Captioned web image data
= Beginning of Section =

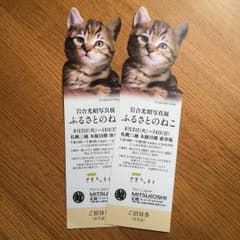 札幌三越 岩合光昭 写真展 ふるさとのねこ 招待券 2枚 世界ネコ歩きのサムネイル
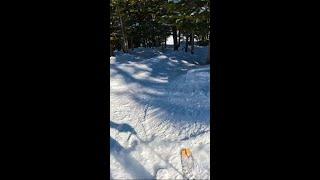 Clean Air #shorts #fun #cool #skiing #gopro #skills #air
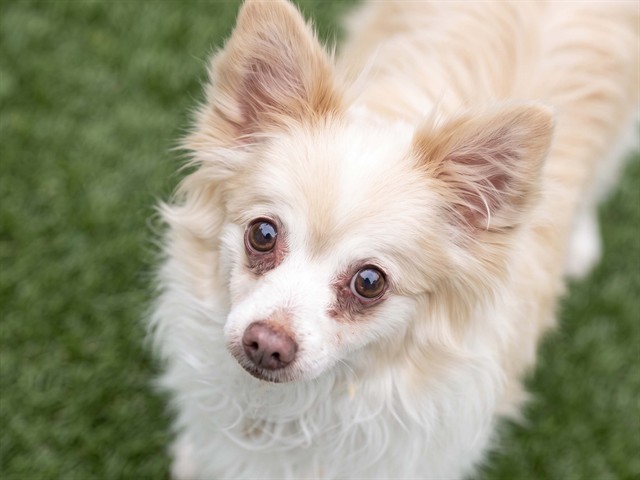 Diesel - Male - Pomeranian-Mix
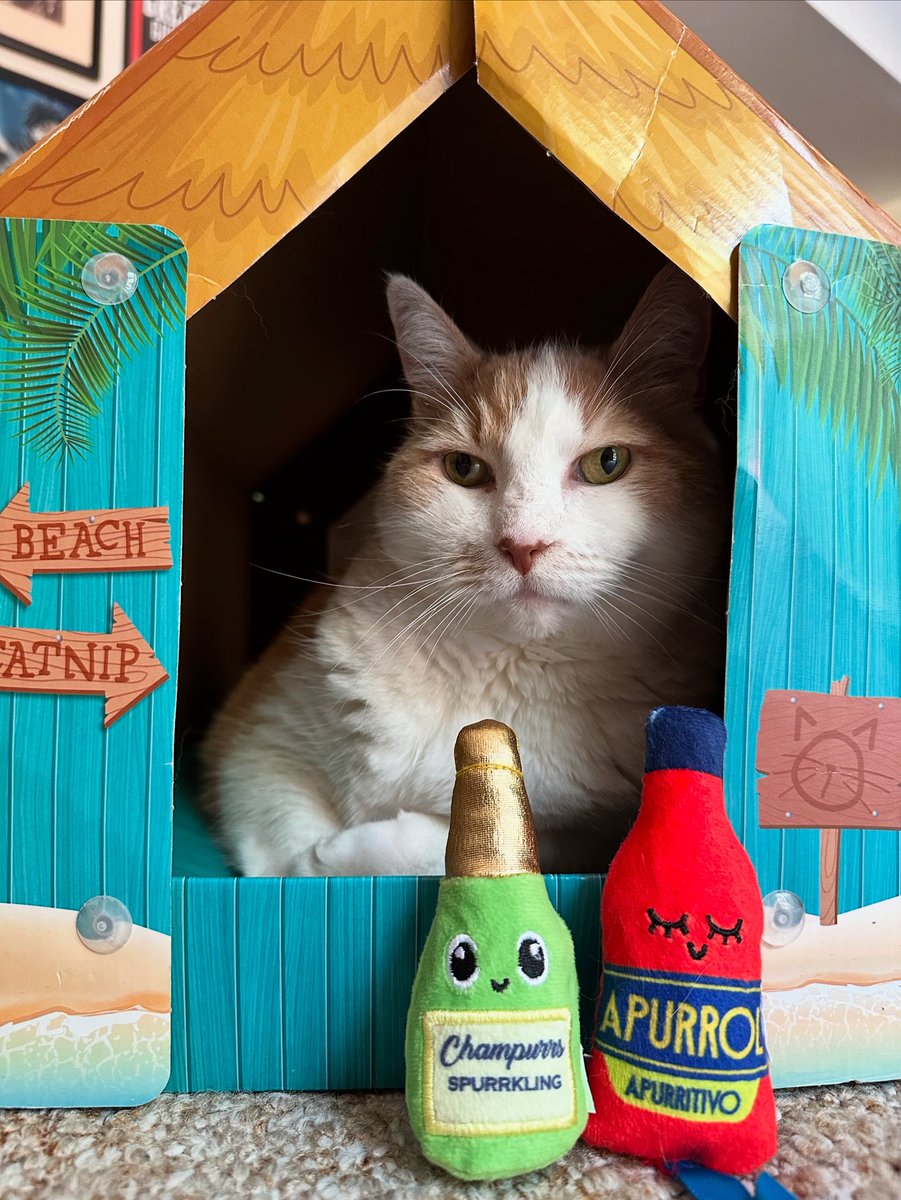 Debbie Mazella tweet media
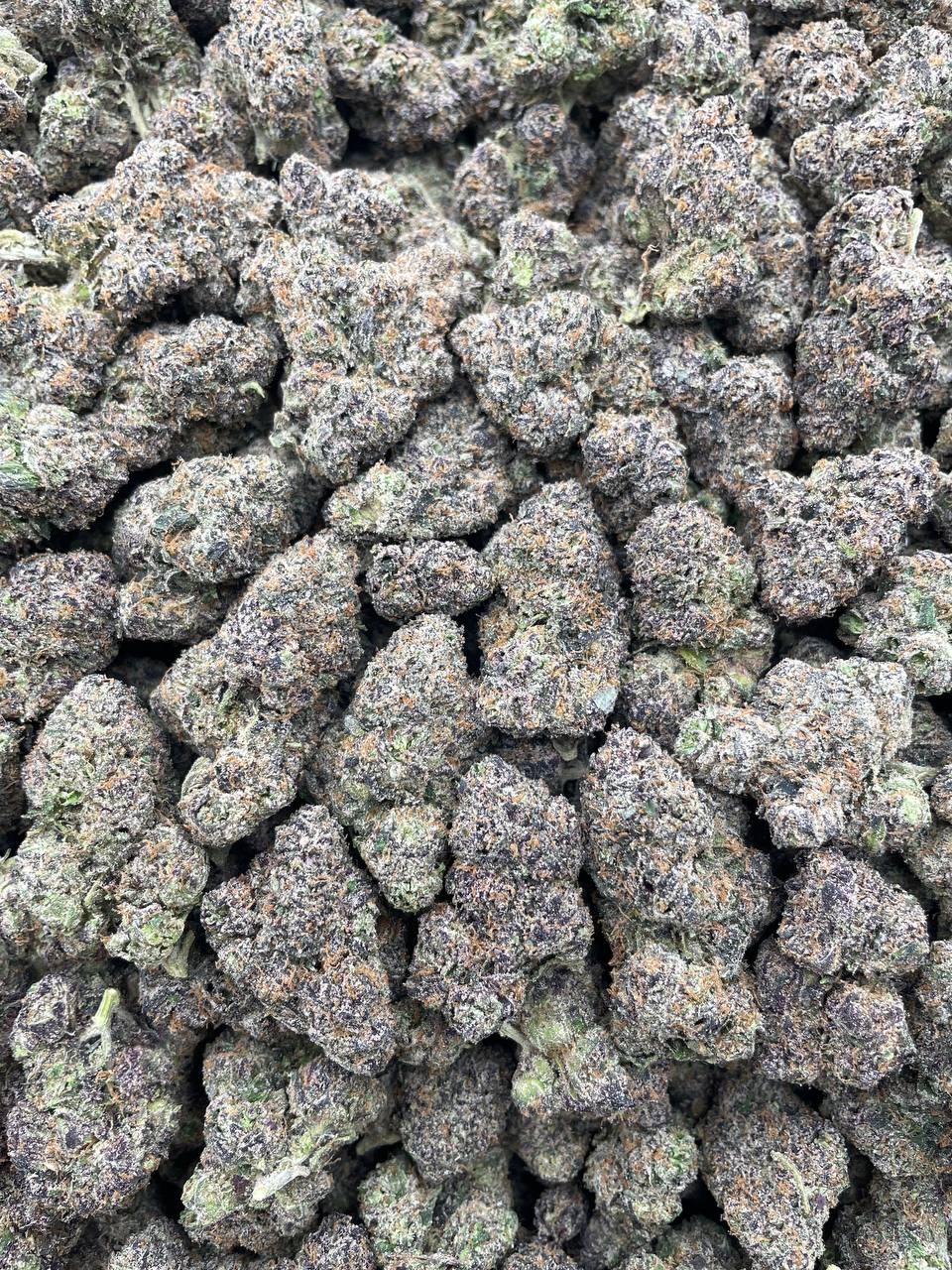 #PF27B 💧 Cherry Drop Pie 🍒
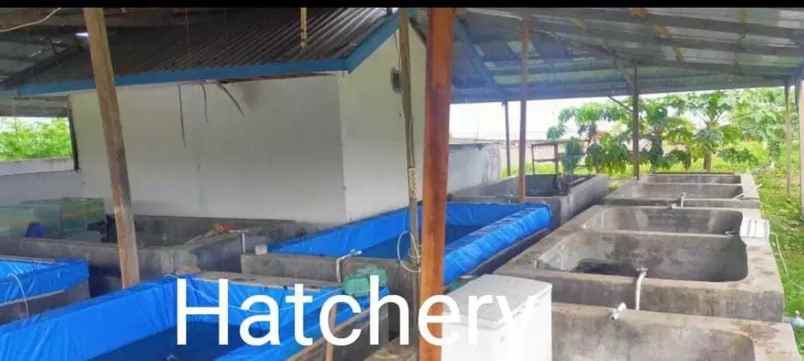 dijual ruko gudang kantor lakatong kec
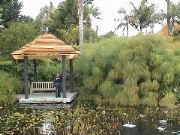 DSC00051.JPG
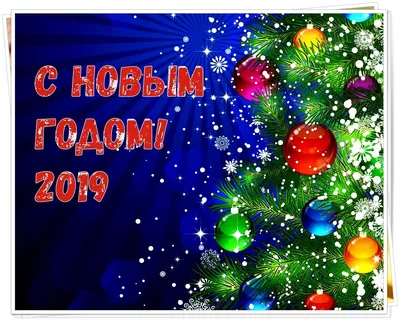 Поздравления с Новым годом 2019: лучшие пожелания в прозе и прикольные  открытки - Телеграф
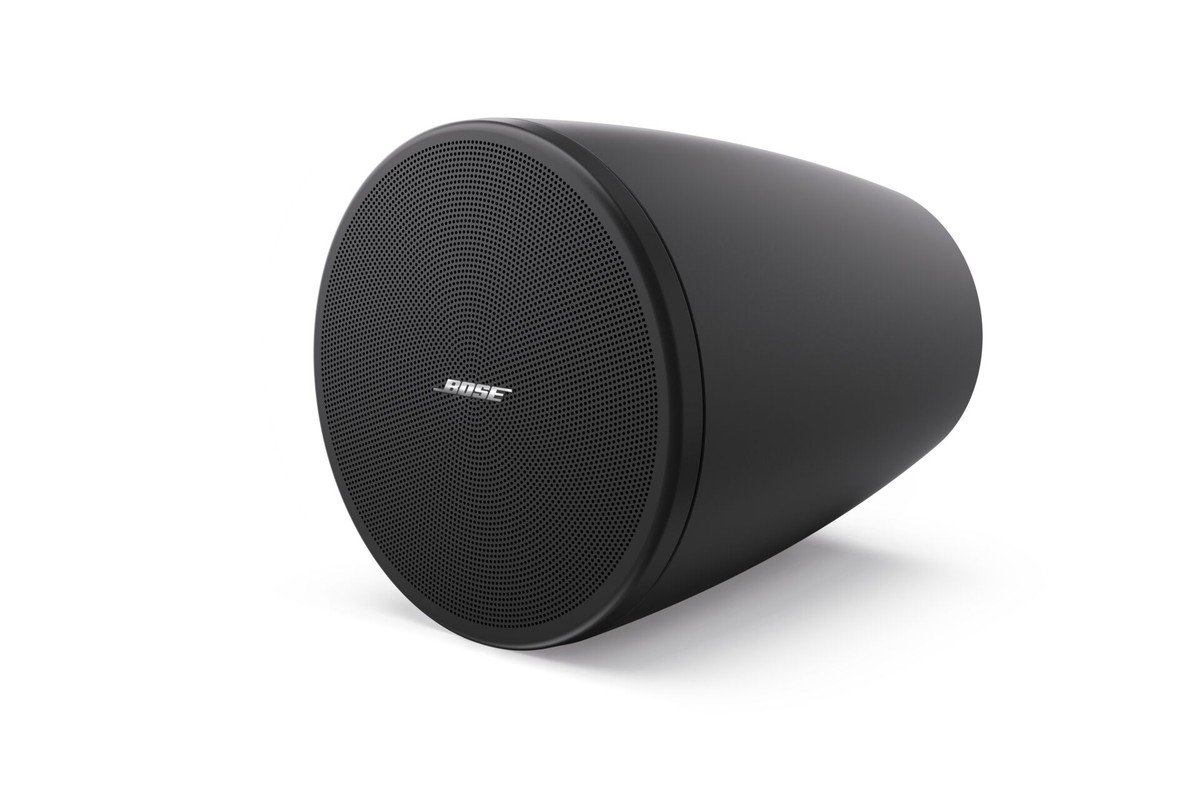 Altoparlante sospeso Bose Professional DesignMax DM 3P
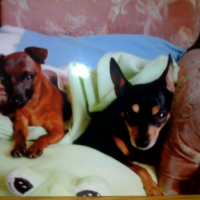 Photo #272607 de babou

= End of Section =

## What the task asks
For each record above, write out its text exactly and skip any picture.

## Solved problem
 札幌三越 岩合光昭 写真展 ふるさとのねこ 招待券 2枚 世界ネコ歩きのサムネイル
 Clean Air #shorts #fun #cool #skiing #gopro #skills #air
 Diesel - Male - Pomeranian-Mix
 Debbie Mazella tweet media
 #PF27B 💧 Cherry Drop Pie 🍒
 dijual ruko gudang kantor lakatong kec
 DSC00051.JPG
 Поздравления с Новым годом 2019: лучшие пожелания в прозе и прикольные  открытки - Телеграф
 Altoparlante sospeso Bose Professional DesignMax DM 3P
 Photo #272607 de babou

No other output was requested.